_Brief_: Copy the listing below exactly. Pictures stay out of it.

_Available data_:
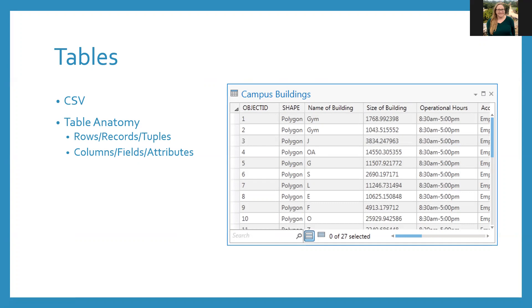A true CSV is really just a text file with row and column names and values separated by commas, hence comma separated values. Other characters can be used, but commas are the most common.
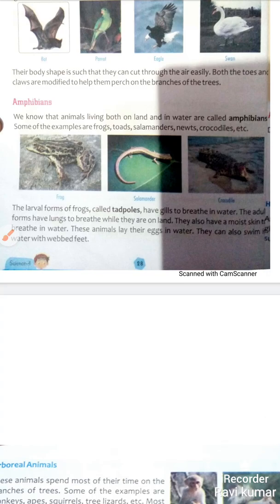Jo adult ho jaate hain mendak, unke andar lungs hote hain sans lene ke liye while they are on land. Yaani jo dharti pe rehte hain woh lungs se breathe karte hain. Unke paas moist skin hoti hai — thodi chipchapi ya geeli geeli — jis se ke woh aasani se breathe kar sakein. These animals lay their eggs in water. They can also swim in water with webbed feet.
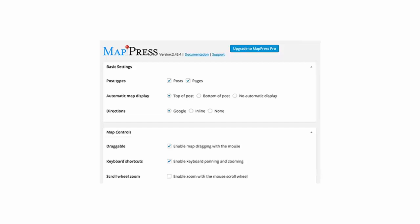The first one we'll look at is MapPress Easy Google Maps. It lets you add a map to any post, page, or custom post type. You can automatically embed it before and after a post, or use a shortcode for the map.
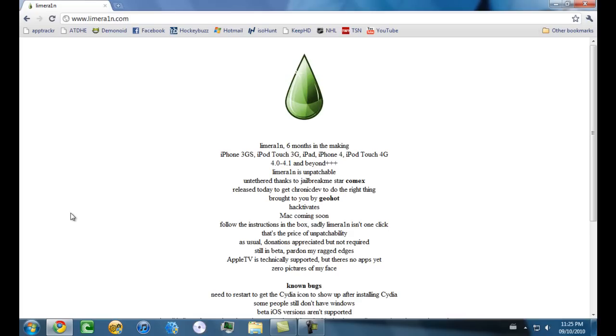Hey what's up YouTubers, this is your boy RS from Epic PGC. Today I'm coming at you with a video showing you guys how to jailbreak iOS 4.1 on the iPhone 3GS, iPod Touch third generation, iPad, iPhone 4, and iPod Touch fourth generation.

_Your response_:
A true CSV is really just a text file with row and column names and values separated by commas, hence comma separated values. Other characters can be used, but commas are the most common.
Jo adult ho jaate hain mendak, unke andar lungs hote hain sans lene ke liye while they are on land. Yaani jo dharti pe rehte hain woh lungs se breathe karte hain. Unke paas moist skin hoti hai — thodi chipchapi ya geeli geeli — jis se ke woh aasani se breathe kar sakein. These animals lay their eggs in water. They can also swim in water with webbed feet.
The first one we'll look at is MapPress Easy Google Maps. It lets you add a map to any post, page, or custom post type. You can automatically embed it before and after a post, or use a shortcode for the map.
Hey what's up YouTubers, this is your boy RS from Epic PGC. Today I'm coming at you with a video showing you guys how to jailbreak iOS 4.1 on the iPhone 3GS, iPod Touch third generation, iPad, iPhone 4, and iPod Touch fourth generation.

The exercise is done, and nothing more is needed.